- _What this task involves_:
Begin at the line that holds "Taiwo olukayode's profile picture" and copy each line exactly until the data below ends, including that last line but no pictures.

- _Short text fragments from websites_:

────────────────────────────────────────

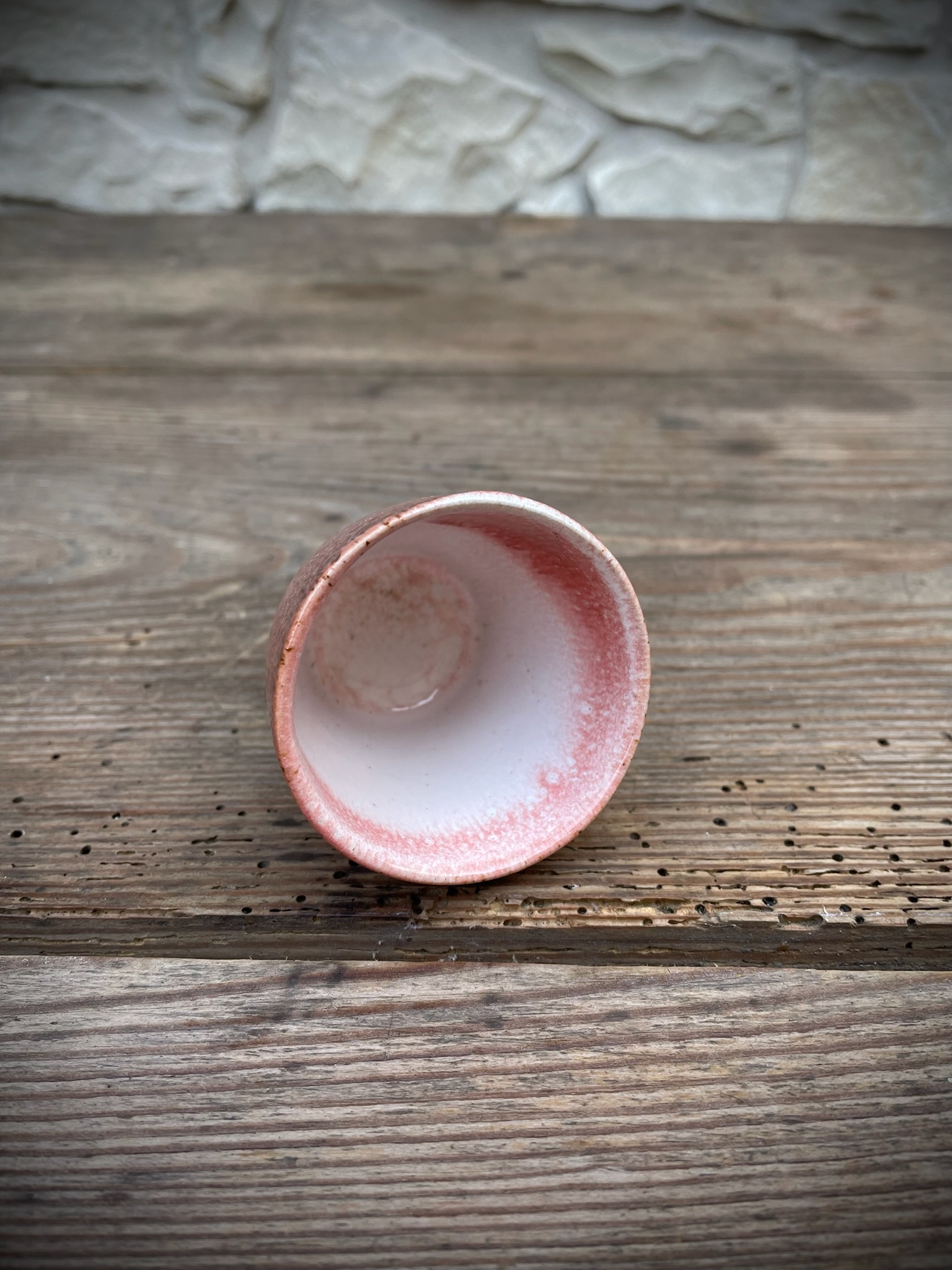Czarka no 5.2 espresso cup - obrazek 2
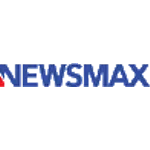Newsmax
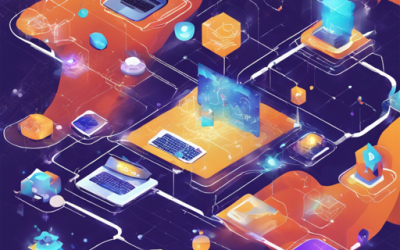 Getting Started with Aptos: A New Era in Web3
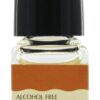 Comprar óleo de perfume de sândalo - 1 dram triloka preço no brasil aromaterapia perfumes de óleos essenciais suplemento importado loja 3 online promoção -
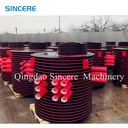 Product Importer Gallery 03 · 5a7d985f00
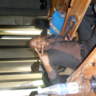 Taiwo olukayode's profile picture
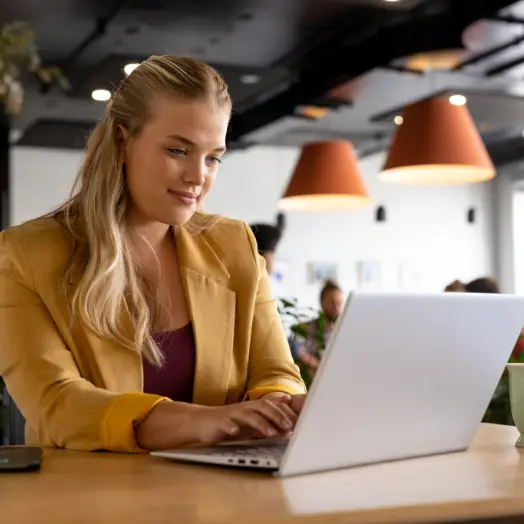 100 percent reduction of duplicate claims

────────────────────────────────────────

- _Finished exercise_:
 Taiwo olukayode's profile picture
 100 percent reduction of duplicate claims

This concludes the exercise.